You become a shareholder when you invest money in an investment trust, so you are given the right to vote on matters like making modifications to the investment policy or selection of directors. Investment trusts can also borrow money to capitalize on investment opportunities. Borrowing can boost the returns for you. However, it can also increase the possibility of losses if the value of assets falls.
Investment trusts have a predetermined number of shares. The fund manager can sell and invest assets when they think it’s the right time. This means the primary capital investment base is quite stable. Compared to SICAVs and OEICs, investment trusts generally have smaller operating costs. As such, their charges are usually lower. Investment trusts have a board of directors that protects the shareholders’ interests.
Some investment trusts also offer subscription shares. These shares allow shareholders to purchase full shares in the investment trust at some point in the future at a set price. You can talk to your financial adviser if you are not sure about investing your money in an investment trust.

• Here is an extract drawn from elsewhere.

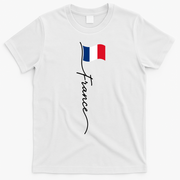 French Culture Classic France Signature Flag T-Shirt - White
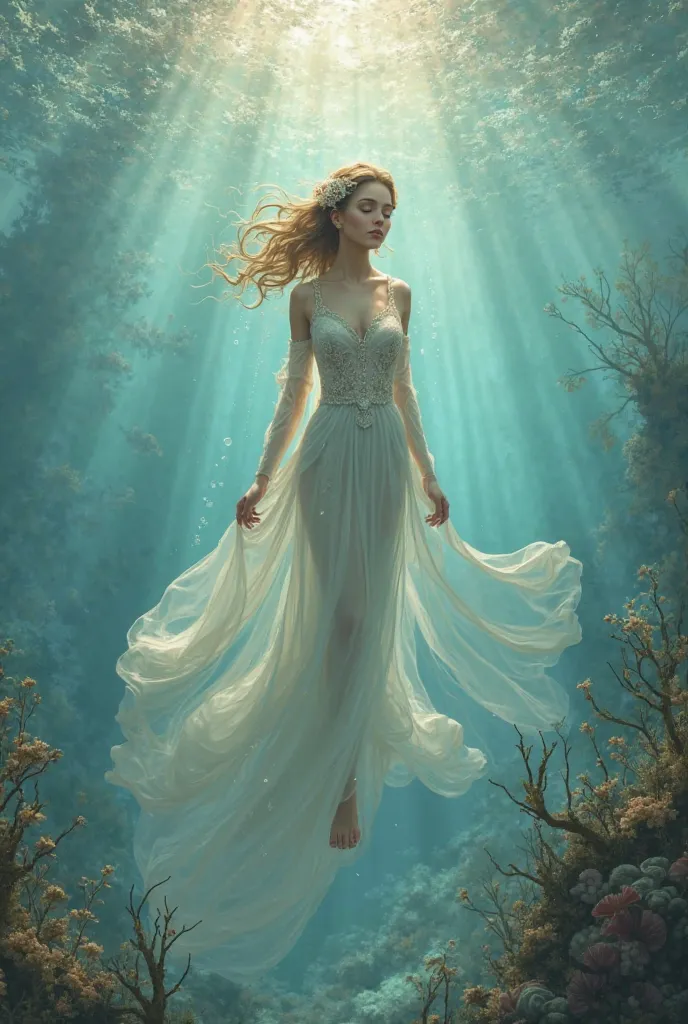 Princess with Virgo sign in the sea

Unit Trust Pricing is Based on Net Asset Value
Unit trust pricing depends on Net Asset Value. Investment trusts also don’t have an initial charge. Shares in investment trusts can be sold and purchased at a price that’s lower or higher than NAV. As such, you can purchase shares in investment trusts at a lower price. If the share price is higher than NAV, the shares are believed to be trading at a premium. If the share price is lower than NAV, the shares are trading at a discount.